Imagine that you have decided to see a play where admission is $20 per ticket. As you enter the theater, you discover that you have lost a $20 bill. Would you pay $20 for a ticket for the play?

In Choice #1, most people say no, they would not buy another ticket. In Choice #2, almost 9 out of 10 people say that, yes, they would buy one. Psychologically, then, the choices differ enormously. But in terms of how they affect net worth, they are identical. In both, if people see the play, they end up with $40 less net worth than when they started; $20 of that worth was lost and $20 was spent on the ticket to get in. Why, then, do people’s choices differ?
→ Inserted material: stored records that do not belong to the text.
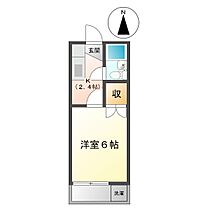 カレッジハウス　3 207 ｜ 三重県津市栗真町屋町（賃貸アパート1K・2階・20.00㎡） その2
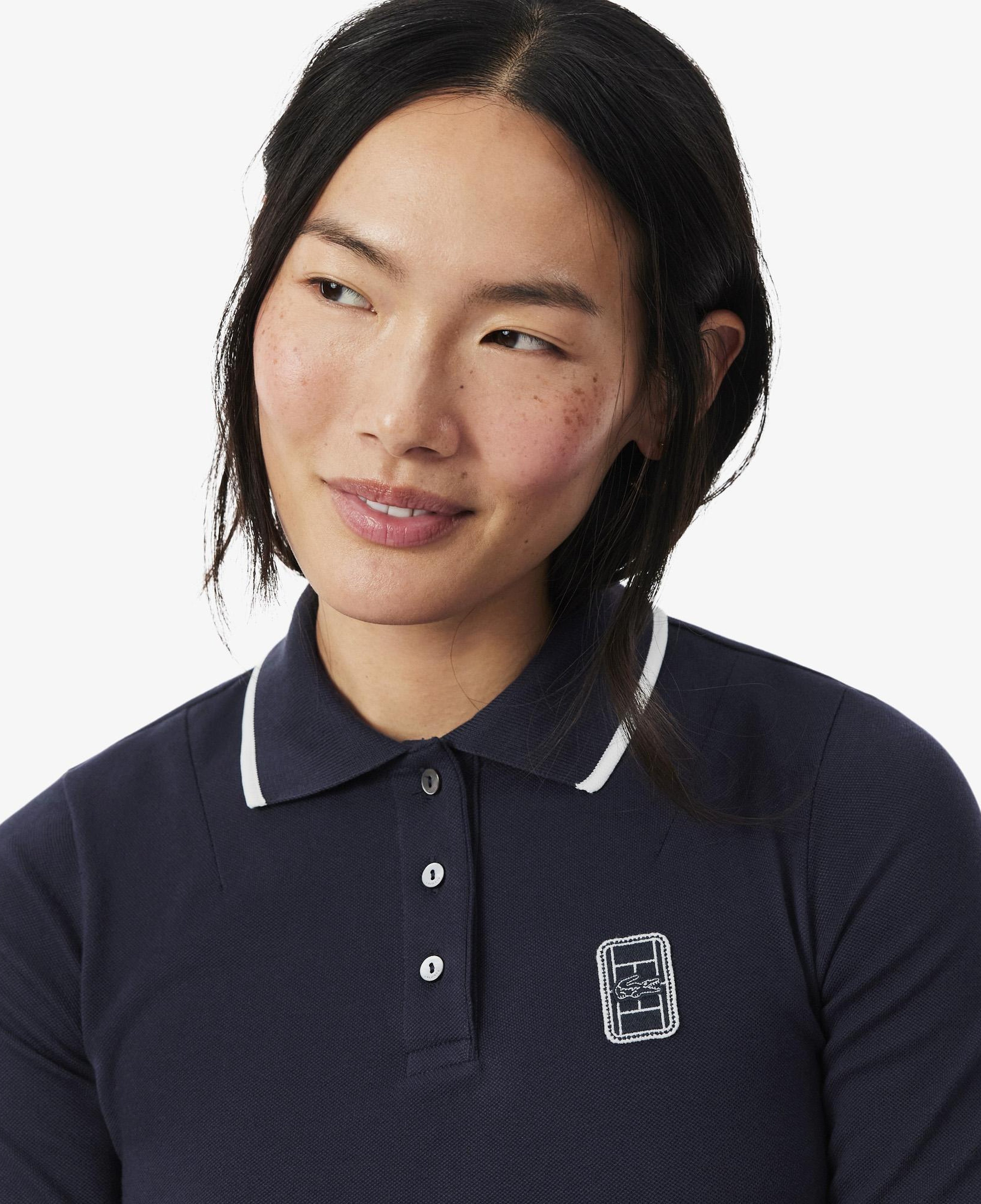 Kadın Slim Fit Lacivert Polo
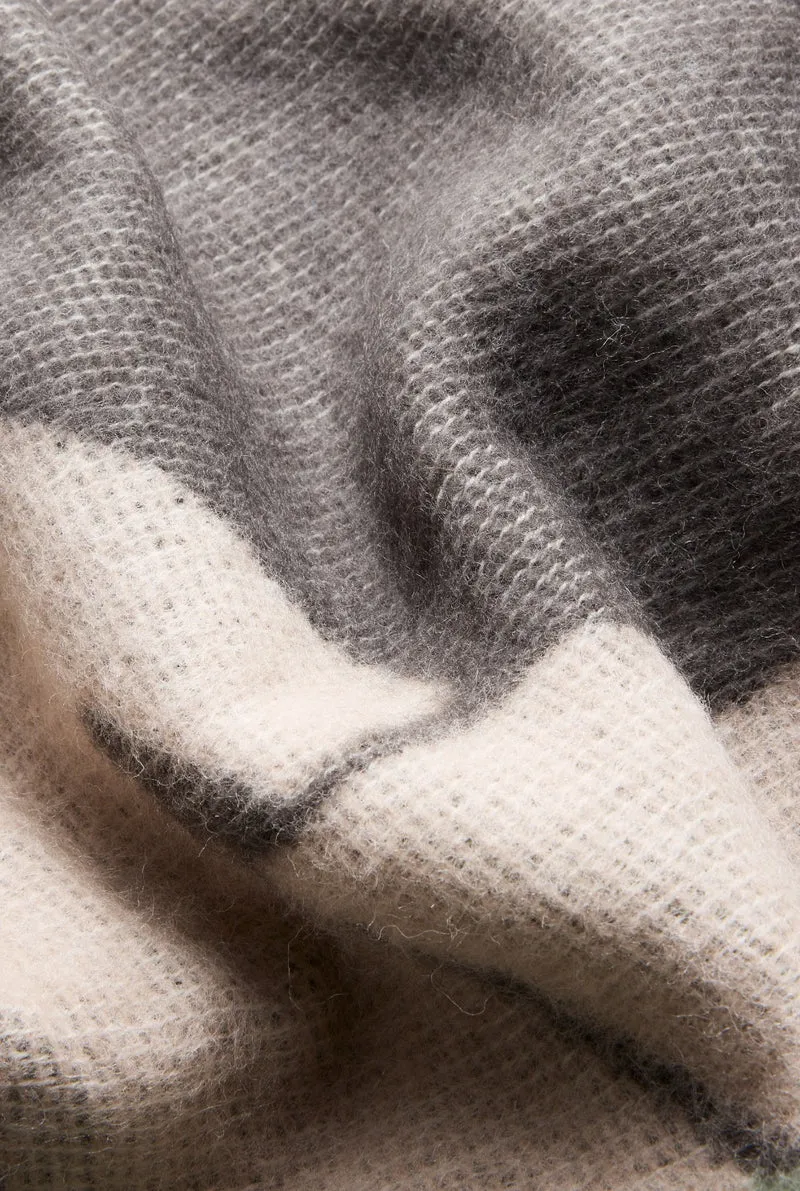 Wool Blanket “Hug Me” by Jeanne Decasper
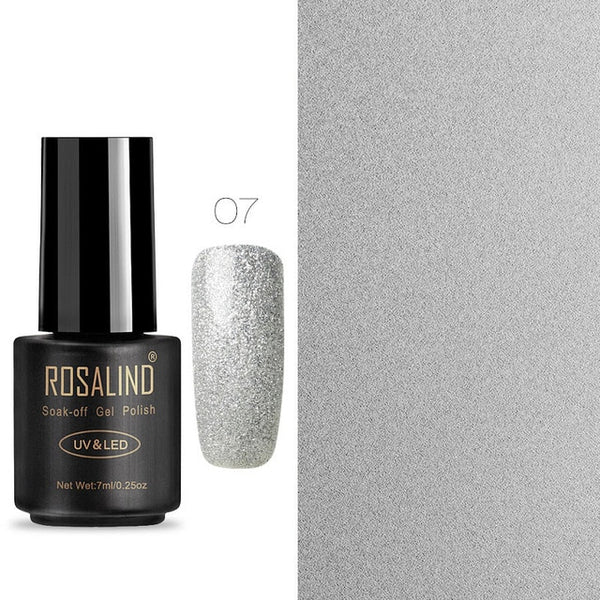 ROSALIND Nail Gel Polish 7ML Hybrid Nail Art Semi Permanent gel varnishes Soak Off Top White Gel Lacquer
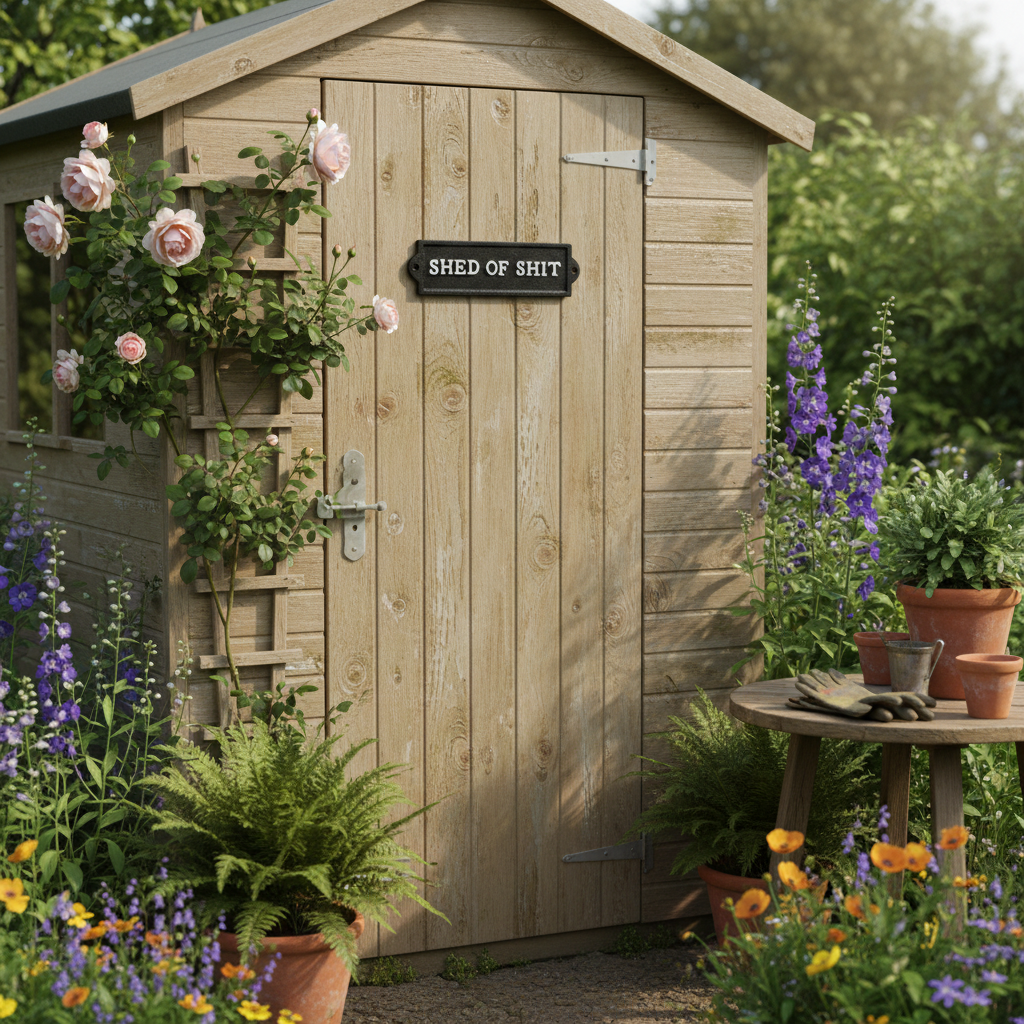 Shed Of Shit - Garden Shed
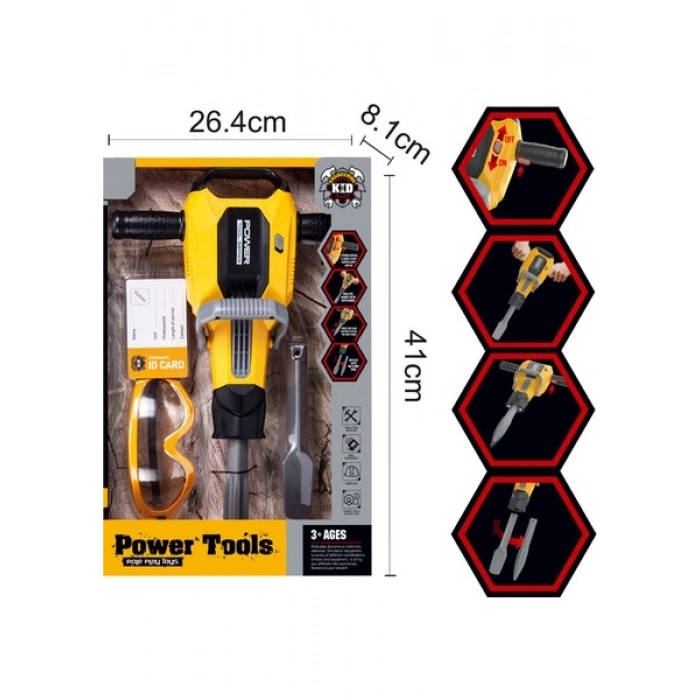 Learning Fun Oyuncak Hilti Seti ve Koruyucu Gözlük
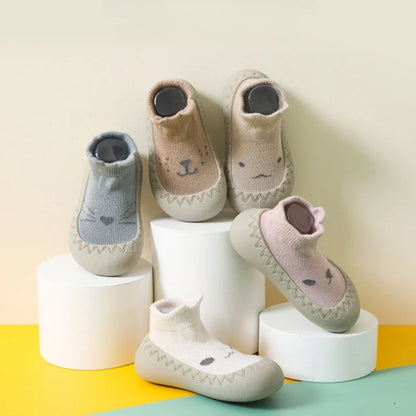 Cute Kids Boy Girl Shoes Soft Rubber Sole Child Floor Sneakers Baby Booties Toddler First Walker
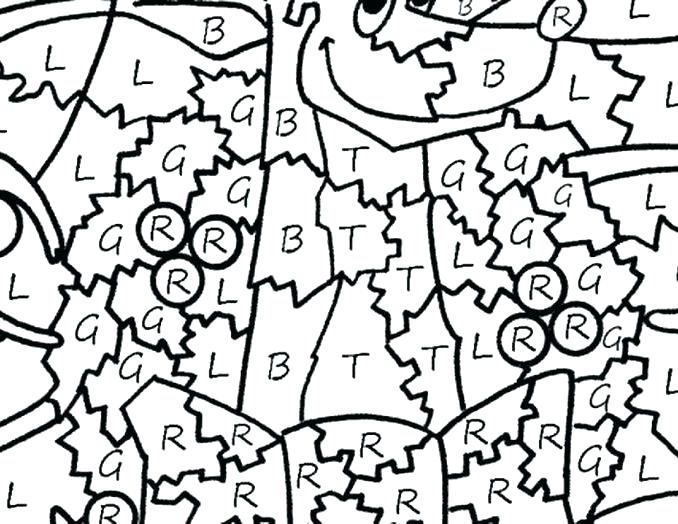 678x524 Color By Numbers Christmas Coloring Pages Coloring Pages By Number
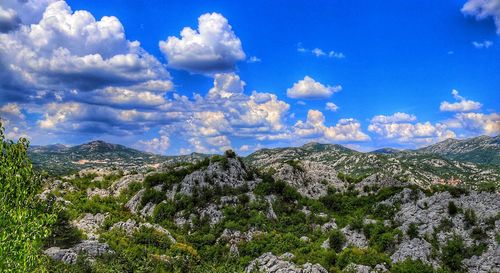 Panoramic view of landscape against sky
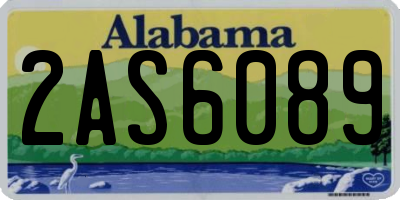 AL license plate 2AS6089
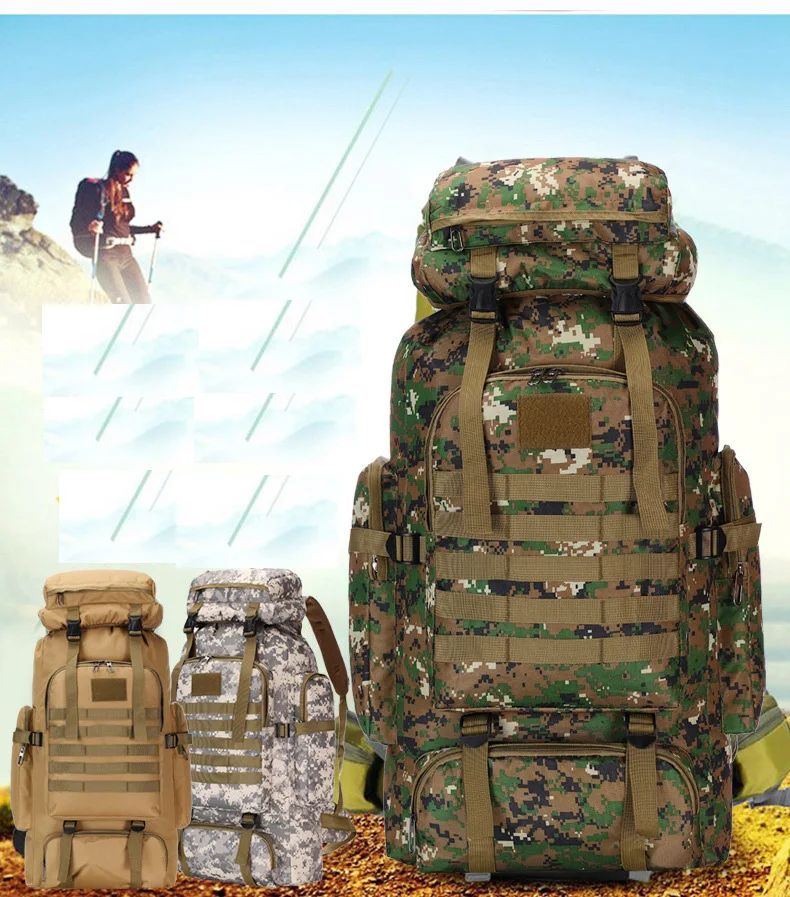 80L Outdoor Climbing Backpack Tactical Camping Hiking product detail 8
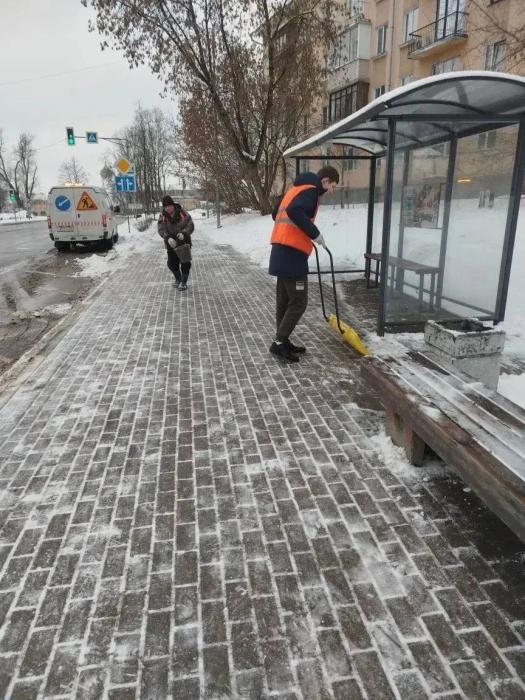Работа коммунальных служб в Пскове 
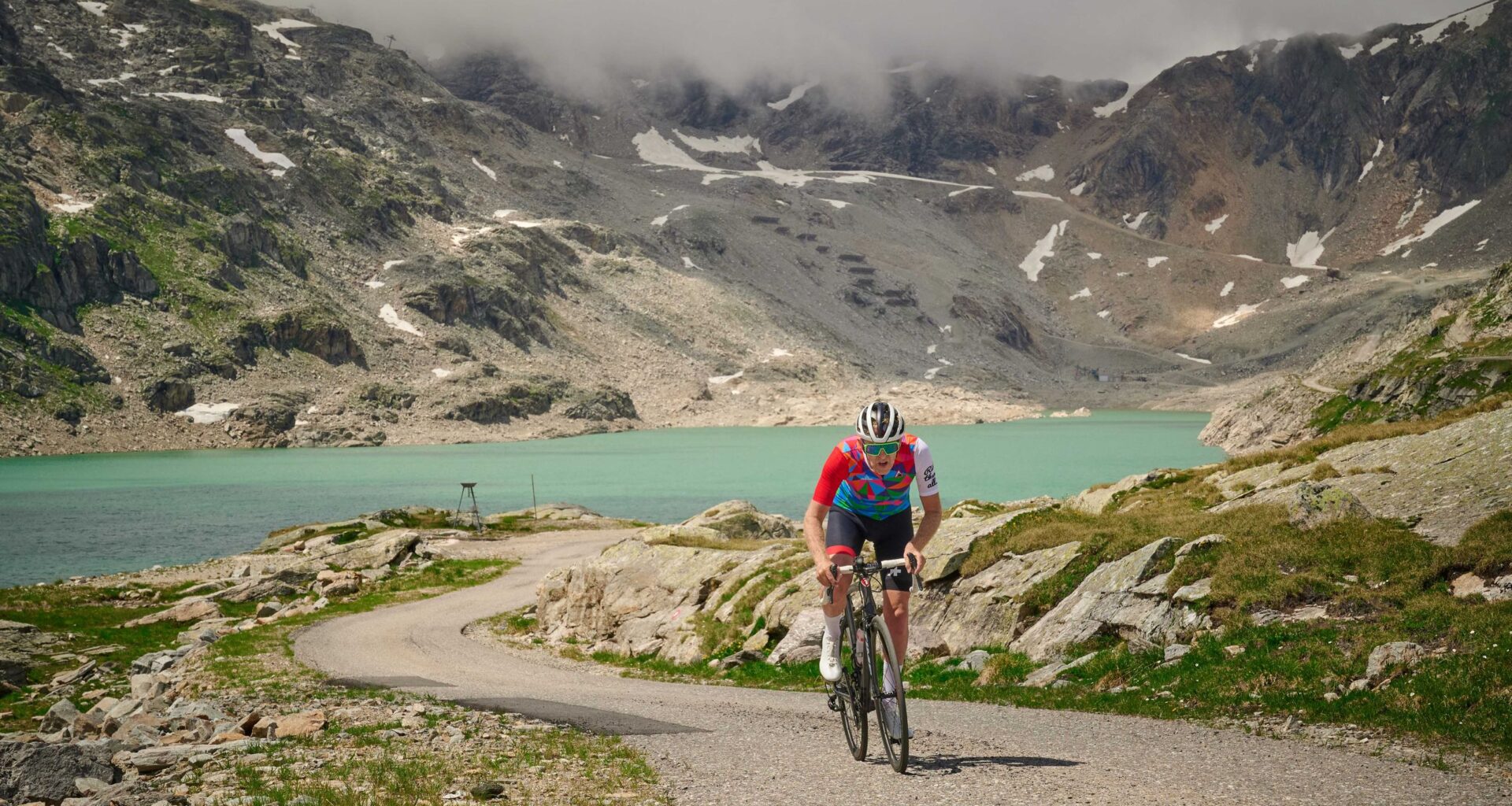 Simon Warren riding in the Austrian Alps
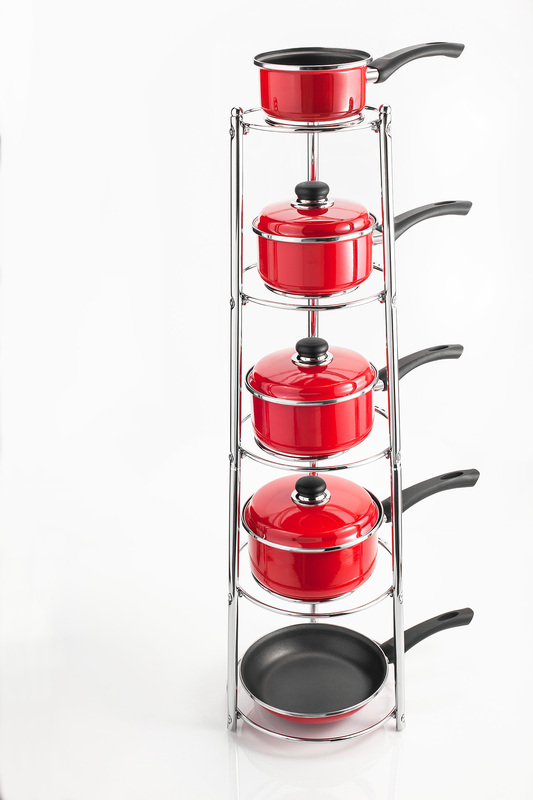 Judge Wireware Saucepan Stand 5 Tier at Mighty Ape Australia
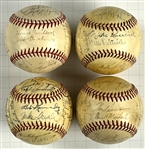 1940-49 Chicago White Sox Team Signed Baseballs (4) (Beckett Authentic)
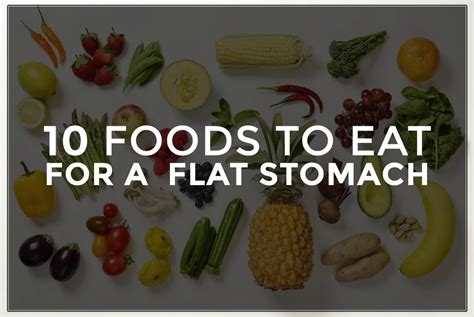 Foods To Eat For A Flat Stomach Seriously Health And Nutrition Flat Belly Foods Nutrition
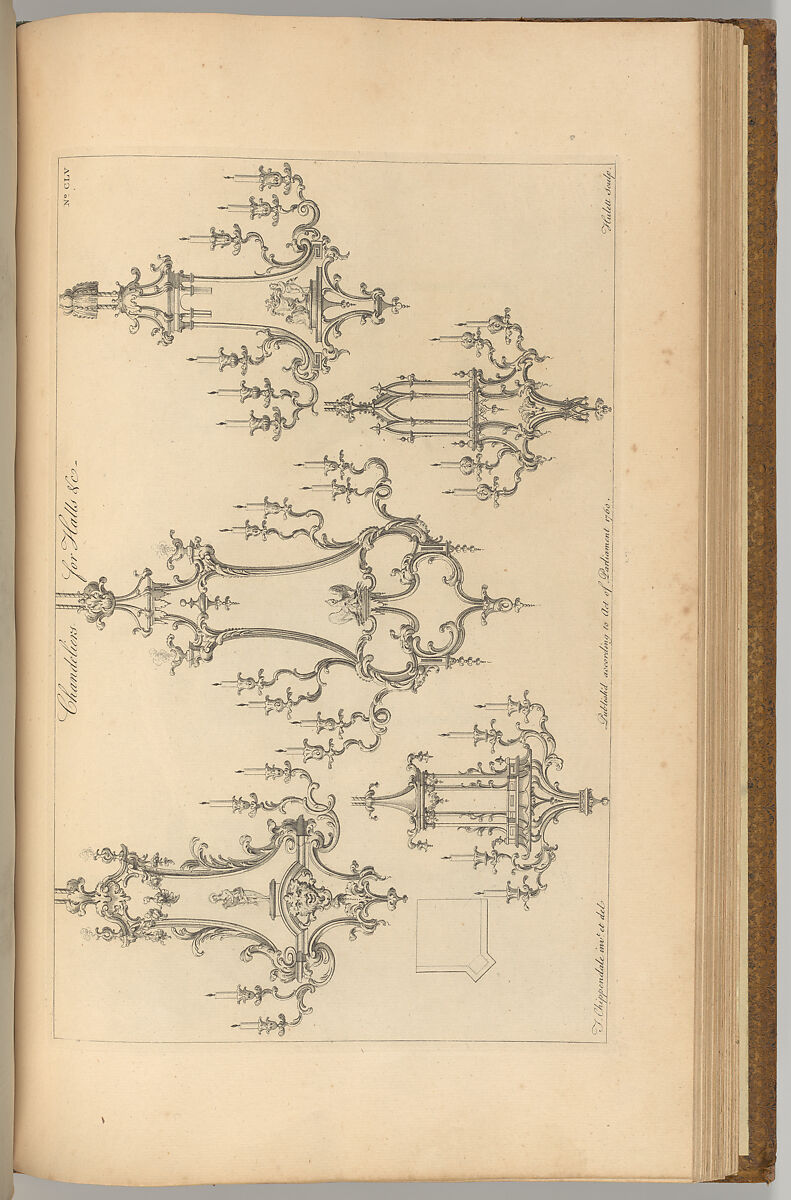 The Gentleman and Cabinet-Maker's Director, Thomas Chippendale (British, baptised Otley, West Yorkshire 1718–1779 London), Illustrations: etching and engraving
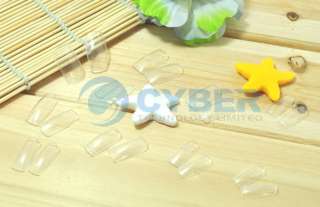 Approx 500 Natural Clear French Acrylic False Nail Art Full Tips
As Kahneman and Tversky explain, when making decisions, people usually do not consider their overall net worth—the total value of all the bank accounts, investment accounts, property, and other assets they own. Instead, they engage in mental accounting, a thinking process in which people divide their assets and expenditures into distinct cognitive categories. For example, you might have a category for “amount of money I can spend on entertainment.” If you buy a $20 ticket and lose it, then that $20 comes out of your entertainment mental account, and you’re less likely to buy another ticket. If you lose a $20 bill, that $20 does not come out of your entertainment mental account; your entertainment mental account, then, still has as much money in it as it did before you lost the bill. So you buy a $20 ticket despite losing the $20 bill.

In summary, Tversky and Kahneman revolutionized science’s understanding of judgment and decision making by humanizing it. Rather than performing calculations like a computer, people use simplifying strategies—heuristics, mental accounts—required by human beings with limited short-term memory capacity.